Activity: The lines from the one holding "Sunburst Embroidered Black" to the final line of the listing below are to be duplicated exactly, with both ends included and pictures omitted.

━━ Extracted records ━━

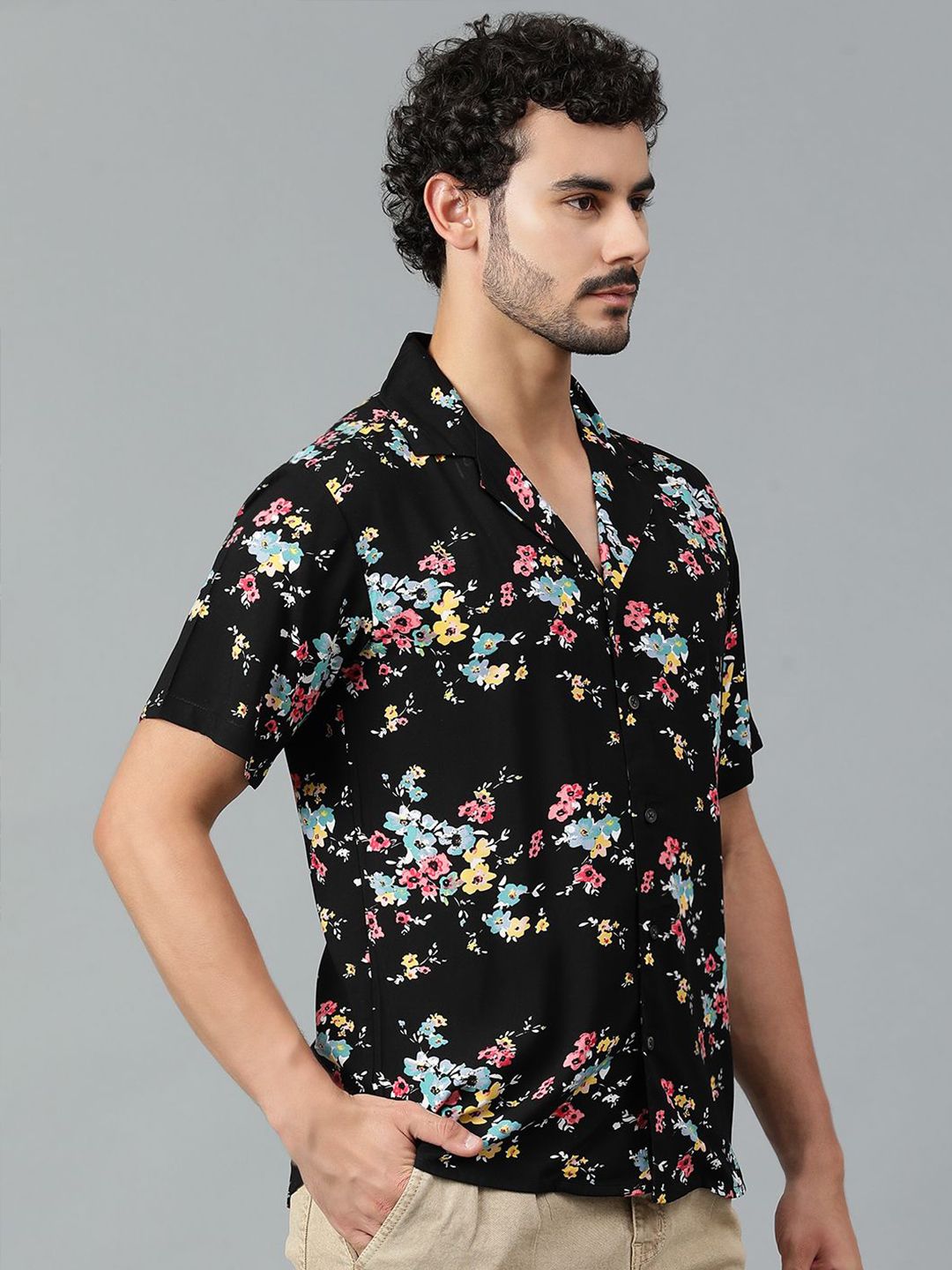 Kotty Men Cuban Collar Floral Printed Casual Shirt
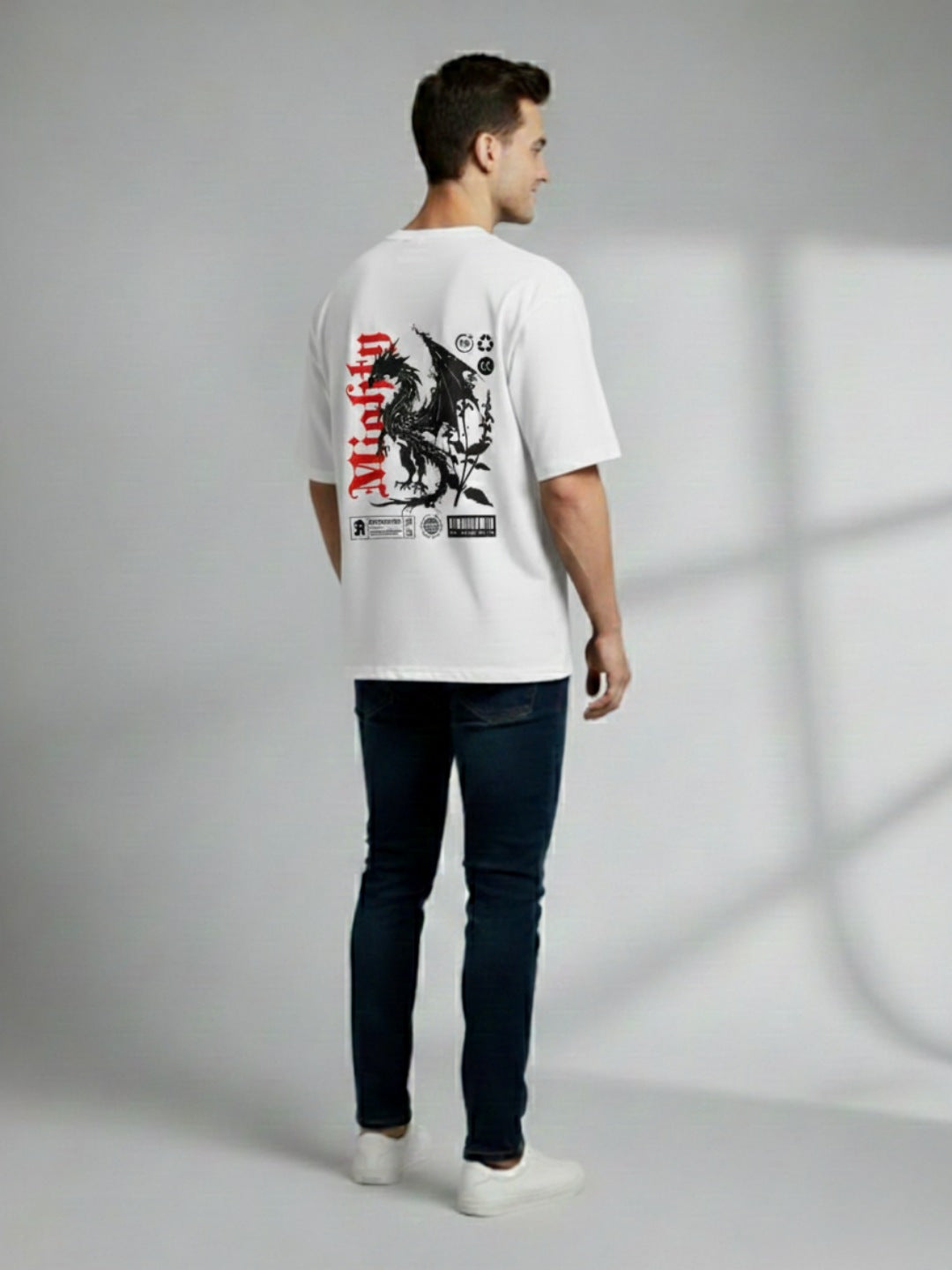 STYLEOX White Crusel Graphic Printed Oversized Round Neck Unisex T-Shirt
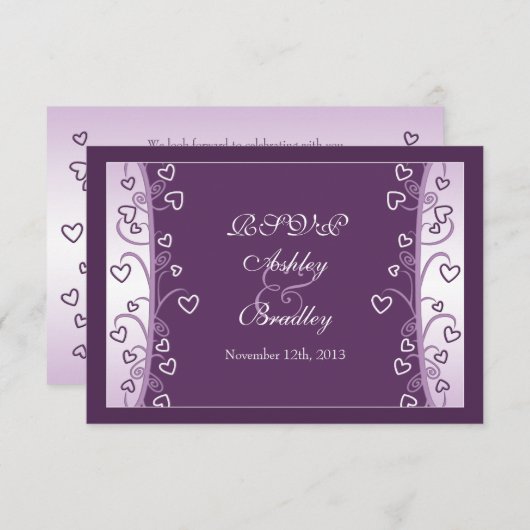 Pruim Lavendel Paarse Harten Trouw RSVP Kaart (Voorkant / Achterkant)
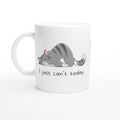 Personalised - Cat, I Just Can't Today - White 11oz Ceramic Mug with Colour Inside Ceramic White Personalised 11oz Mug animal customise Globally Fulfilled personalise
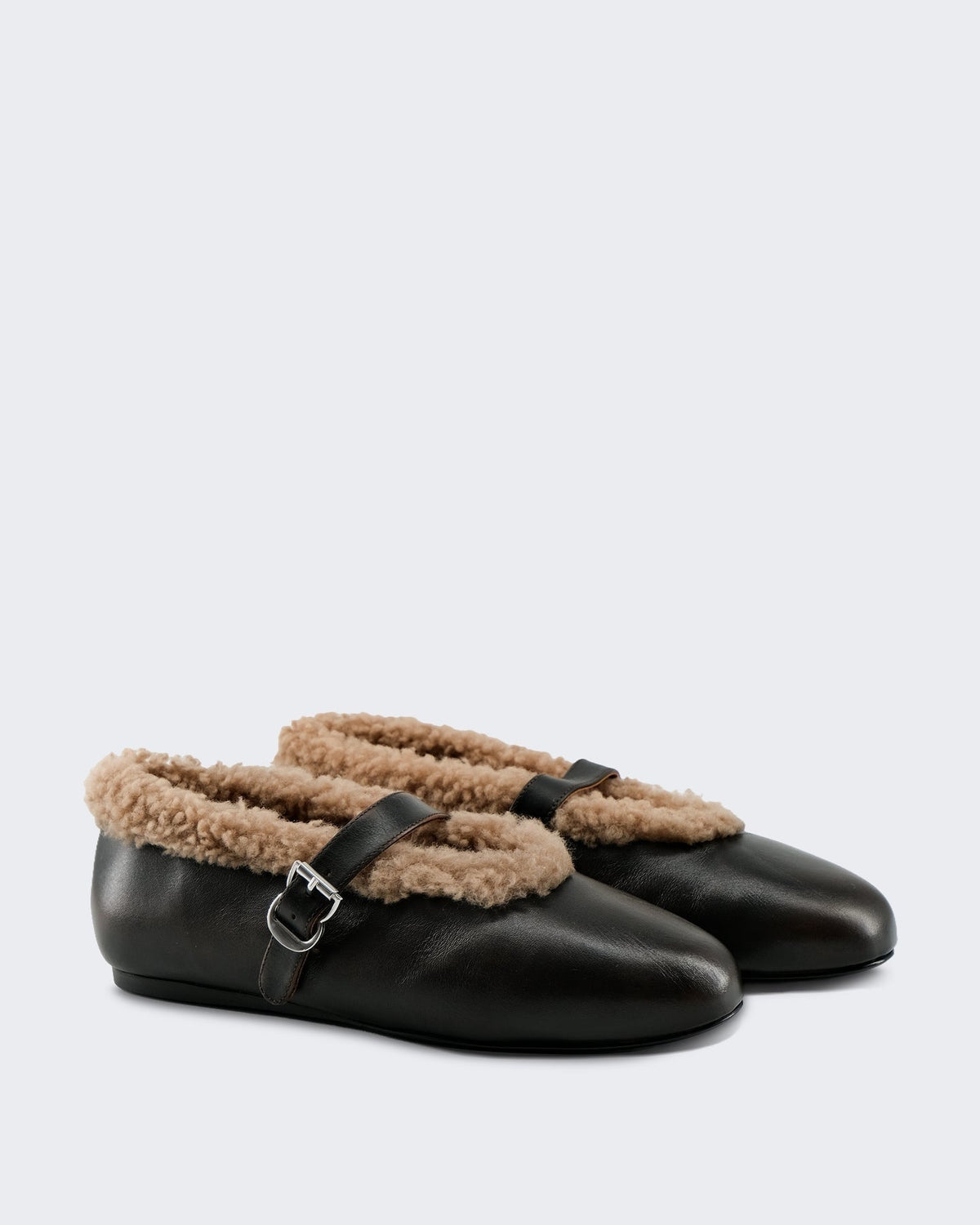 Toral Dames Anoush Ballerina's met gespdetail en beige voering Zwart - Eleganza.nl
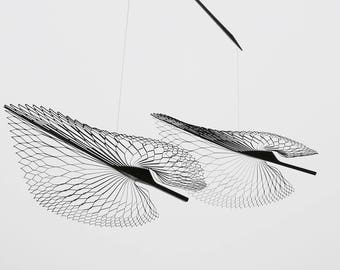 2 part leaf mobile from polished stainless steel, skeleton leaf kinetic art, Wire art, Hanging mobile office decor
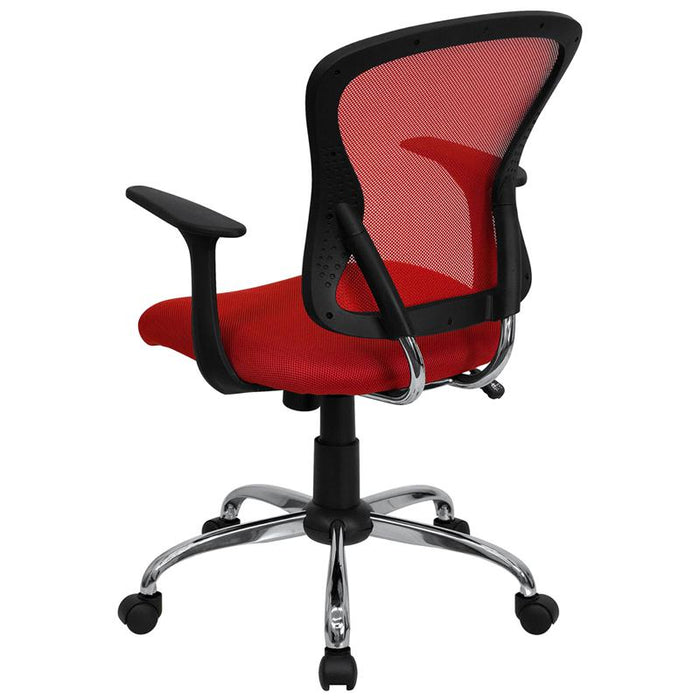 Mid-Back Red Mesh Swivel Task Office Chair with Chrome Base and Arms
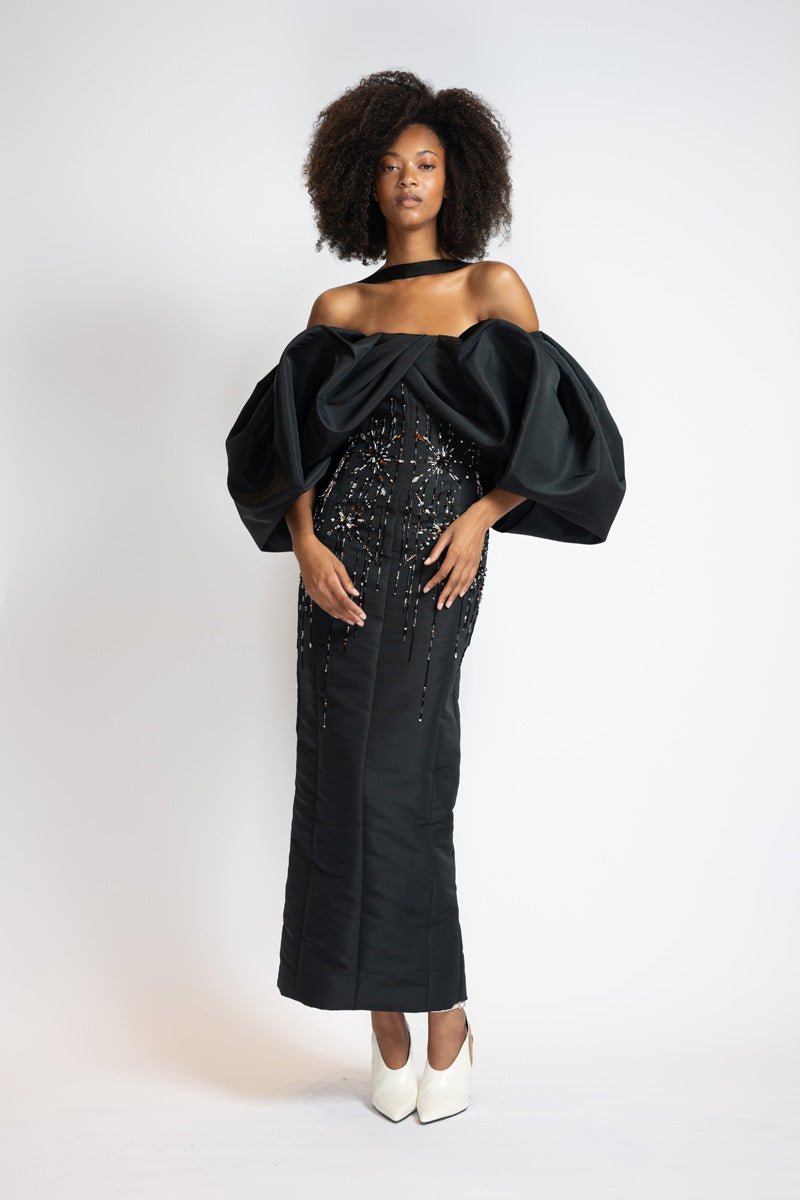 Sunburst Embroidered Black Faille Dress With Draped Cloud Sleeves 1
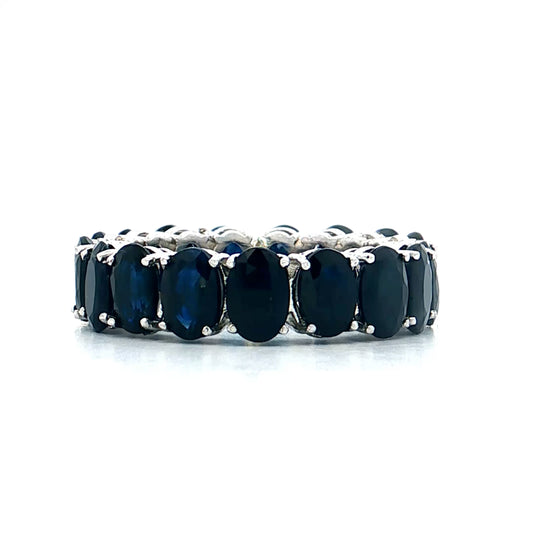 9 Carat Oval Sapphire Eternity Band 14k White Gold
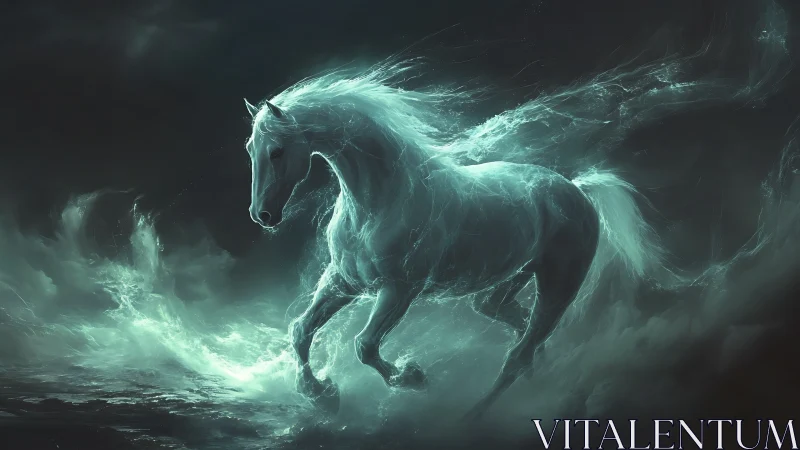 Ghostly spirit horse gallops boldly through swirling mist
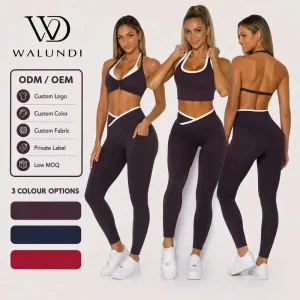 Sexy Halter Neck Yoga Wear Set Women V Waist Leggings Side Pockets Contrast Piping Gym Workout 2 Piece Set Custom Logo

━━━

Exercise response:
 Sunburst Embroidered Black Faille Dress With Draped Cloud Sleeves 1
 9 Carat Oval Sapphire Eternity Band 14k White Gold
 Ghostly spirit horse gallops boldly through swirling mist
 Sexy Halter Neck Yoga Wear Set Women V Waist Leggings Side Pockets Contrast Piping Gym Workout 2 Piece Set Custom Logo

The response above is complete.